Extracted information Block Start
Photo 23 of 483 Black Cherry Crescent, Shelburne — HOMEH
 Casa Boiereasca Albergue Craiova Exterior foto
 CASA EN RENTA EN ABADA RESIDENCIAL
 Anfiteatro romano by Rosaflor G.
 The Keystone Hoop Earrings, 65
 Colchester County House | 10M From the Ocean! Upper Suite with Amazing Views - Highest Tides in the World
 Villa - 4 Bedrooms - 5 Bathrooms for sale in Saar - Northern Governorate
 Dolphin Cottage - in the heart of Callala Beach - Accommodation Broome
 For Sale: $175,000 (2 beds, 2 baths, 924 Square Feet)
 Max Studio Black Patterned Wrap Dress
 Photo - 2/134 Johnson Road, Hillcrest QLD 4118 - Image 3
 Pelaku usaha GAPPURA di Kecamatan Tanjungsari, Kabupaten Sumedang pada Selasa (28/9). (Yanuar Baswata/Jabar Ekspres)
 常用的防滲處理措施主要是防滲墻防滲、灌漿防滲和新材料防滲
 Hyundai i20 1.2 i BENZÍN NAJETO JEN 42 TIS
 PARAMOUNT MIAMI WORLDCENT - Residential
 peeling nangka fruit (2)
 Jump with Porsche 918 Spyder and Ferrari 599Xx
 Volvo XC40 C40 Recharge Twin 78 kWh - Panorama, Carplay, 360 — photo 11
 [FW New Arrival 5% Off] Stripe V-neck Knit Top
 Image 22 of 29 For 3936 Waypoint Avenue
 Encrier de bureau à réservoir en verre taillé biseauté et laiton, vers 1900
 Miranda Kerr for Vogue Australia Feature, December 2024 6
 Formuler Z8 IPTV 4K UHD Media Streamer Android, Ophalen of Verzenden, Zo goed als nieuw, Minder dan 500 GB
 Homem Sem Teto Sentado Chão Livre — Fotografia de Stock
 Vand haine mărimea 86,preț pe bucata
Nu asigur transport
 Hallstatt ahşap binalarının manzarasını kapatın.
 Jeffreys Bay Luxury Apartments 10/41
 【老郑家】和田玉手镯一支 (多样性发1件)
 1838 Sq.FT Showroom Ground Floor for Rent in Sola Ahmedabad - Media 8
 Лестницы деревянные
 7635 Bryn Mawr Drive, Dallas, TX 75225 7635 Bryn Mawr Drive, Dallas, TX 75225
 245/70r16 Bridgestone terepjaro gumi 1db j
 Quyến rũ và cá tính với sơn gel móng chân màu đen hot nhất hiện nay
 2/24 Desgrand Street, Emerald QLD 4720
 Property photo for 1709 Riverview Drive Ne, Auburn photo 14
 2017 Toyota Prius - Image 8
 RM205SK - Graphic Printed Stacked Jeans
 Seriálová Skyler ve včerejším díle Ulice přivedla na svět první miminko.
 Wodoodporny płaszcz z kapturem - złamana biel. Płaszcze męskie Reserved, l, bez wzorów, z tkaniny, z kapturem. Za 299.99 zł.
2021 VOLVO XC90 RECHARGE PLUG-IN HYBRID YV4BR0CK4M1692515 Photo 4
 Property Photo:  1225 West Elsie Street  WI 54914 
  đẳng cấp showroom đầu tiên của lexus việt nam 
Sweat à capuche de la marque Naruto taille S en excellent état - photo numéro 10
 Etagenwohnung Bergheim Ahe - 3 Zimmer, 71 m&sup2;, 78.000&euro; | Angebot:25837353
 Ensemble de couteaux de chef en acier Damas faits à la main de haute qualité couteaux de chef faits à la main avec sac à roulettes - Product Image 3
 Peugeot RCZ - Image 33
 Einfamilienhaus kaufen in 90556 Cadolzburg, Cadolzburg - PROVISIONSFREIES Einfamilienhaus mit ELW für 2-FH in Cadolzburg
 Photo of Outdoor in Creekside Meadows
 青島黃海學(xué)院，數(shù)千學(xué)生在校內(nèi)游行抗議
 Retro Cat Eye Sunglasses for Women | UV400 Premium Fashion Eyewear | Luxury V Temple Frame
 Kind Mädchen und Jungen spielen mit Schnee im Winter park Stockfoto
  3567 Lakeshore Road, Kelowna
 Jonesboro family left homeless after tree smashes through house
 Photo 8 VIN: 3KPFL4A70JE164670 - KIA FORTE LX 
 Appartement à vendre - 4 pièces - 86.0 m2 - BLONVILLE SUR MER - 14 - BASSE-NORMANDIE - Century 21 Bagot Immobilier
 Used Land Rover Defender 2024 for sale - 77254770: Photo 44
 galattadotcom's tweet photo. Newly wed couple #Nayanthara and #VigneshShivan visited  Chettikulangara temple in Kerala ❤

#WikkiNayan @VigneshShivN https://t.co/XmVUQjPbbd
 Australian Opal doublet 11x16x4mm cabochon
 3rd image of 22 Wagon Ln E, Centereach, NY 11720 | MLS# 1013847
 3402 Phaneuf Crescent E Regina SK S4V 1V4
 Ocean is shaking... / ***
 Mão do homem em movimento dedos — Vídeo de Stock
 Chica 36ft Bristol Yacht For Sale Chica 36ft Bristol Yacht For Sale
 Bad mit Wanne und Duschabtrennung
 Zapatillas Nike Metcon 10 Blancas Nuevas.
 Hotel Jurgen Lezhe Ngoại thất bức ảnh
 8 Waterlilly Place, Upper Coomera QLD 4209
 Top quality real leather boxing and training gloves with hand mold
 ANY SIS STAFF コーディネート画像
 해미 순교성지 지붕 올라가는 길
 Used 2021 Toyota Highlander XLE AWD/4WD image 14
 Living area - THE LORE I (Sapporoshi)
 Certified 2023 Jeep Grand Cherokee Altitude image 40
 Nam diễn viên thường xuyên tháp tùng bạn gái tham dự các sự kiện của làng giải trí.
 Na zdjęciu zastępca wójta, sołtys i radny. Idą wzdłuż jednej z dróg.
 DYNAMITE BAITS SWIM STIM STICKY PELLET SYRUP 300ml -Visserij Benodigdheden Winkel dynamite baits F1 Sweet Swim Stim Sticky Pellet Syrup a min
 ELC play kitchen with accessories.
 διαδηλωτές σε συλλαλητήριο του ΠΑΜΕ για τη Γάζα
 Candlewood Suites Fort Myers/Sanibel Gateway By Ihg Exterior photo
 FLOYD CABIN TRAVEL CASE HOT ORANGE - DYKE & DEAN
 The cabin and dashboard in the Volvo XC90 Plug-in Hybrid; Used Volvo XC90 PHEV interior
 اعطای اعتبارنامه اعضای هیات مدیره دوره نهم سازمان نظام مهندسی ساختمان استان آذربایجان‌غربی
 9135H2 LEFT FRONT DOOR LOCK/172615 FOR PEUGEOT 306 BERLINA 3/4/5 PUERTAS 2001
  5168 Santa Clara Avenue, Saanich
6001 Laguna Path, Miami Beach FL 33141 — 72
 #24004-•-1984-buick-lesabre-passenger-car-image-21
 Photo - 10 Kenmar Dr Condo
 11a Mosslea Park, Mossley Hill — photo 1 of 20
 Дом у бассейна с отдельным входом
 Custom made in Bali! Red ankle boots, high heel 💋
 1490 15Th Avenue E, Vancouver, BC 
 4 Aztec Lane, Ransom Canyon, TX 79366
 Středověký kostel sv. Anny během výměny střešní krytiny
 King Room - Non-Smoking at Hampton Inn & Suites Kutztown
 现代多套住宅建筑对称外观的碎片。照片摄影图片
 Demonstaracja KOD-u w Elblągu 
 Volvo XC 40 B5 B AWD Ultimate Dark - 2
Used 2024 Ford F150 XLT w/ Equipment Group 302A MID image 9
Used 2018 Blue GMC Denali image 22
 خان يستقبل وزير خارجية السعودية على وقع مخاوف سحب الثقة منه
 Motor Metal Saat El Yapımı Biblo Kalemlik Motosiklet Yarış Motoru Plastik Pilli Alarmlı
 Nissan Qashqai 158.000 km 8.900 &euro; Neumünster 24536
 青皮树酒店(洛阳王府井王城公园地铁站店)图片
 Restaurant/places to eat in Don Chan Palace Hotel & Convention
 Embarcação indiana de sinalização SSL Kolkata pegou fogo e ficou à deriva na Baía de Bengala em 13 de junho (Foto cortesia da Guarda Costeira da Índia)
Extracted information Block End
» Work instructions
Give an exact copy of the lines above from the line with "Jeffreys Bay Luxury Apartments 10/41" up to and including the line with "Appartement à vendre", and leave everything else out.

» Answer to this task
 Jeffreys Bay Luxury Apartments 10/41
 【老郑家】和田玉手镯一支 (多样性发1件)
 1838 Sq.FT Showroom Ground Floor for Rent in Sola Ahmedabad - Media 8
 Лестницы деревянные
 7635 Bryn Mawr Drive, Dallas, TX 75225 7635 Bryn Mawr Drive, Dallas, TX 75225
 245/70r16 Bridgestone terepjaro gumi 1db j
 Quyến rũ và cá tính với sơn gel móng chân màu đen hot nhất hiện nay
 2/24 Desgrand Street, Emerald QLD 4720
 Property photo for 1709 Riverview Drive Ne, Auburn photo 14
 2017 Toyota Prius - Image 8
 RM205SK - Graphic Printed Stacked Jeans
 Seriálová Skyler ve včerejším díle Ulice přivedla na svět první miminko.
 Wodoodporny płaszcz z kapturem - złamana biel. Płaszcze męskie Reserved, l, bez wzorów, z tkaniny, z kapturem. Za 299.99 zł.
2021 VOLVO XC90 RECHARGE PLUG-IN HYBRID YV4BR0CK4M1692515 Photo 4
 Property Photo:  1225 West Elsie Street  WI 54914 
  đẳng cấp showroom đầu tiên của lexus việt nam 
Sweat à capuche de la marque Naruto taille S en excellent état - photo numéro 10
 Etagenwohnung Bergheim Ahe - 3 Zimmer, 71 m&sup2;, 78.000&euro; | Angebot:25837353
 Ensemble de couteaux de chef en acier Damas faits à la main de haute qualité couteaux de chef faits à la main avec sac à roulettes - Product Image 3
 Peugeot RCZ - Image 33
 Einfamilienhaus kaufen in 90556 Cadolzburg, Cadolzburg - PROVISIONSFREIES Einfamilienhaus mit ELW für 2-FH in Cadolzburg
 Photo of Outdoor in Creekside Meadows
 青島黃海學(xué)院，數(shù)千學(xué)生在校內(nèi)游行抗議
 Retro Cat Eye Sunglasses for Women | UV400 Premium Fashion Eyewear | Luxury V Temple Frame
 Kind Mädchen und Jungen spielen mit Schnee im Winter park Stockfoto
  3567 Lakeshore Road, Kelowna
 Jonesboro family left homeless after tree smashes through house
 Photo 8 VIN: 3KPFL4A70JE164670 - KIA FORTE LX 
 Appartement à vendre - 4 pièces - 86.0 m2 - BLONVILLE SUR MER - 14 - BASSE-NORMANDIE - Century 21 Bagot Immobilier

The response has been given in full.